You can outsource your thinking, but you cannot outsource your understanding
AI can make you better, but letting it think for you is risky.

If in 2026 you’re not using AI, you’re putting yourself at a disadvantage compared to your peers. That is true if you are a student, a knowledge worker competing with your colleagues, or an entrepreneur in any field, including a content creator, where you still have to compete for customer attention, ever more fleeting.
Yet now that AI is table stakes, there is still a lot you can do to differentiate yourself from other creators. And it starts with actually understanding its output.
AI is a thinking accelerator, not a thinking replacement
Used well, AI is genuinely useful for creators: it helps you organize scattered ideas, generate angles you would not have considered, and turn rough concepts into structured drafts. A coach can use it to outline a program. A consultant can use it to package hard-won frameworks into something their clients can actually follow. If you’re building a course, it can help you think through how you want to structure it, while also helping you prepare graphic material or brainstorm quizzes. If you’re writing a blog, it can check typos and logical inconsistencies, helping you refine your thinking throughout. If you’re designing your landing page, it can give you handy suggestions, help refine the copy, improve your FAQs, and sharpen the message you want to convey. The list of AI use cases goes on and on.
The problem starts when the tools become a shortcut around the thinking, not through it. When you use AI to generate content about topics you do not actually understand, when the output sounds authoritative but you could not defend any of it in a real conversation. When your work starts to feel like something assembled rather than something made, your audience will notice. And even though they may not know exactly why a piece of content feels hollow, they can sense when there is no real perspective behind it.
Real understanding comes from contact with the thing itself. It comes from trying an approach and watching it fail. From advising a client and realizing your tidy framework does not hold in their actual situation. From teaching the same concept five different ways before one finally lands, and you understand how to make it click for your marginal student. A fitness creator who has actually coached real people knows that the workout plan is rarely the hard part. The hard part is motivation, identity, environment, shame, and consistency, none of which shows up neatly in a generic content brief. An educator who has actually taught knows that explaining something once is almost never enough. People forget. They misunderstand. They need the idea from a different angle before it clicks.

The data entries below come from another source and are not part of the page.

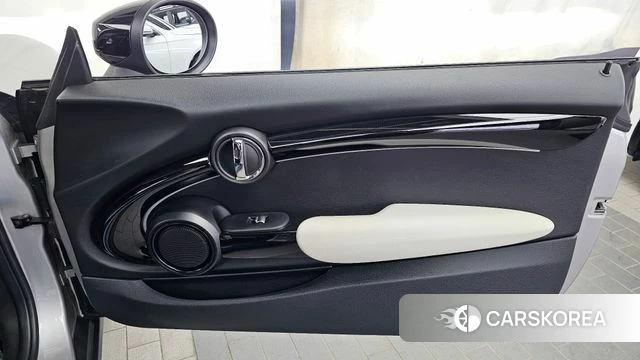 Mini Cooper S id 4996410 из Кореи 17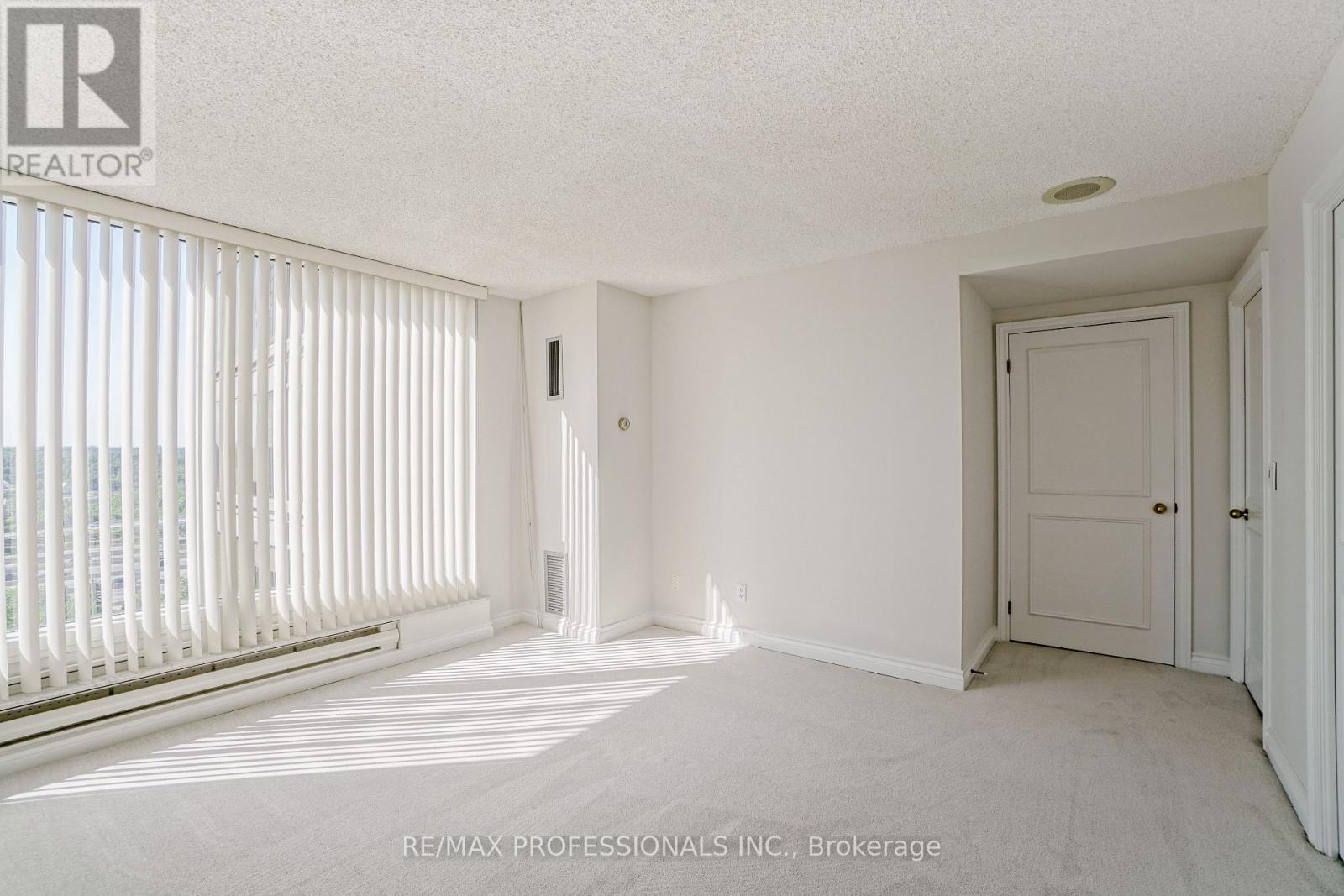 1108 - 1 Palace Pier Court, Toronto, Ontario  M8V 3W9 - Photo 22 - W12913268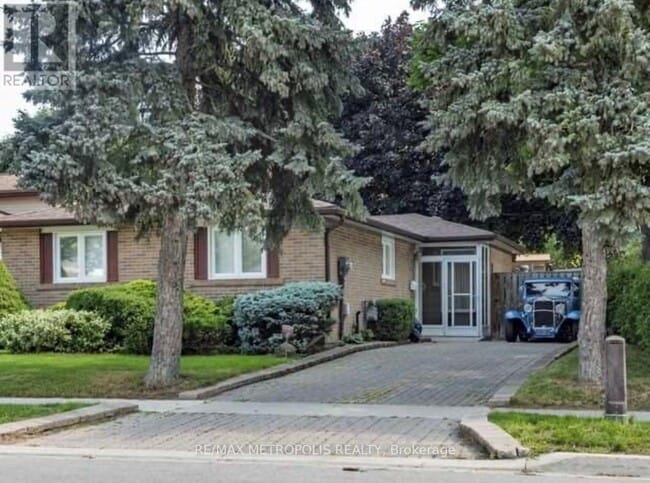 property at 6 Madoc Dr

That kind of knowledge cannot be generated. It has to be lived. And once you have it, AI becomes significantly more useful, not because it replaces your expertise, but because it helps you package it faster.
The things you got wrong are part of the curriculum
Most creators undervalue their own experience, and especially their mistakes. There is a temptation to only share the clean version: the polished framework, the tidy three-step process, the success story with the struggle edited out. But the messier stuff, what you tried that did not work, what you believed early on that turned out to be wrong, what mistake you keep seeing beginners repeat, is often the most valuable content you can create. It is also the content AI cannot replicate. The answers to those questions live in your experience, not in a dataset.
When anyone can generate a plausible answer to almost any question, information becomes cheap and judgment becomes expensive. People do not lack access to content. They lack someone they trust to tell them which content actually applies to their situation. That is the gap creators fill. Not by producing more, but by making sense of things for a specific audience they understand deeply. By deciding what to include and what to leave out. By sequencing ideas in an order that builds real understanding rather than just listing information.
The creators who matter in an AI-saturated environment are the ones with a point of view. Who can say, with confidence, “Here is what I have seen work. Here is what I have seen fail. And here is what I think you should do.” That cannot be prompted into existence. AI makes everything fast, but experience always takes time.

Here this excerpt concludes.